### THE PROBLEM
Retype, without changes or pictures, only the lines that begin at the one containing "Aluminium Design Waste" and end at the last line of the records that follow.

### EXTRACTED DATA

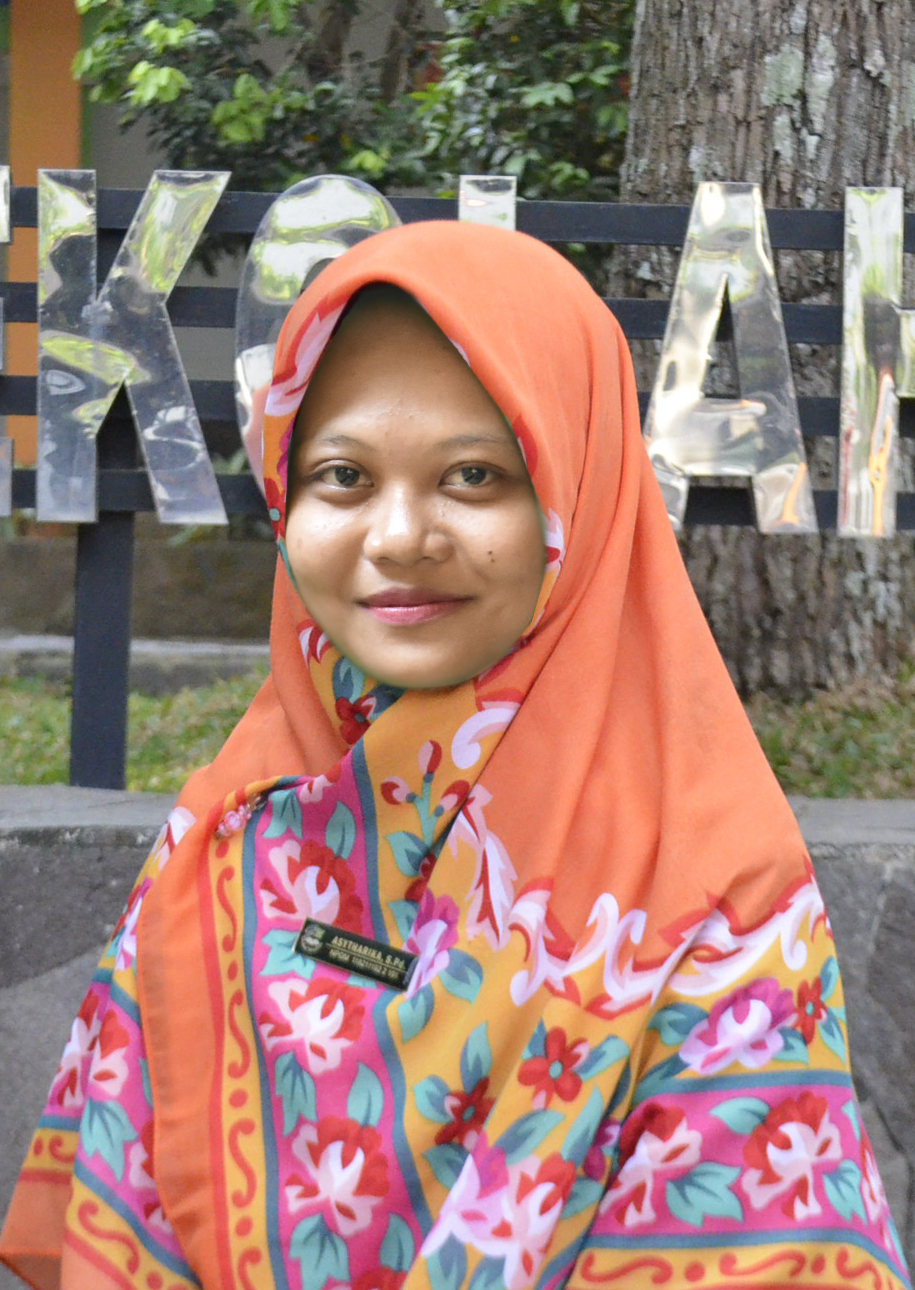 Rizky Fitri Ramadhani, S.Si.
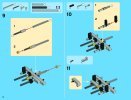 Building Instructions - LEGO - Technic - 42009 - Mobile Crane MK II: Page 14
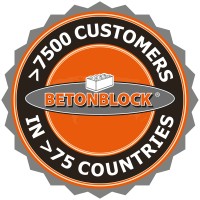 Betonblock logo - Similar company to 3A Steel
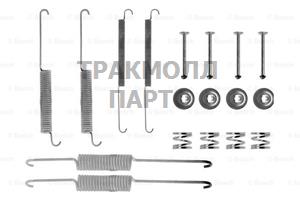 Комплектующие-тормозная-колодка-Изделие-снятое-с-производства- - 1987475120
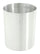 Aluminium Design Waste Paper Bin - 13 & 20 Litre Available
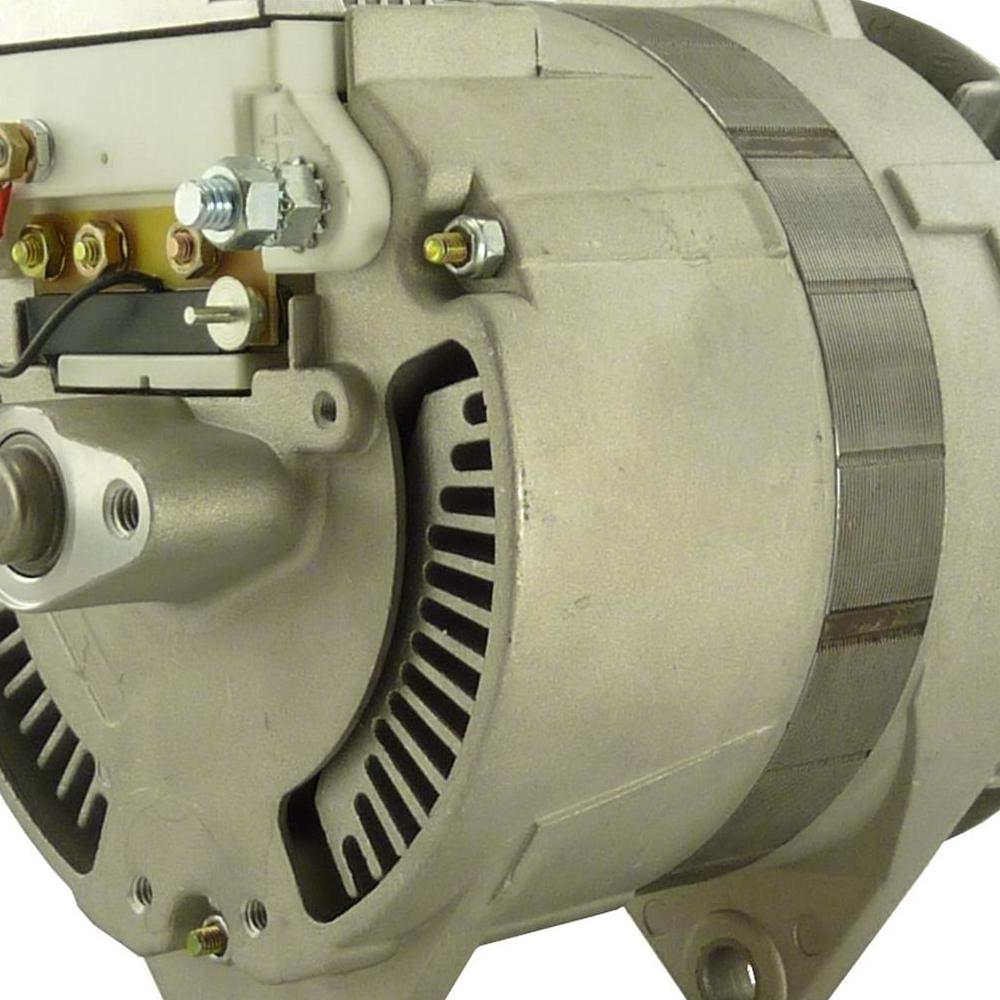 Alternator — L/N IREF 12V 160A Fits Freightliner Replaces ROM7613N-USA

### RESULT FOR THIS EXERCISE
 Aluminium Design Waste Paper Bin - 13 & 20 Litre Available
 Alternator — L/N IREF 12V 160A Fits Freightliner Replaces ROM7613N-USA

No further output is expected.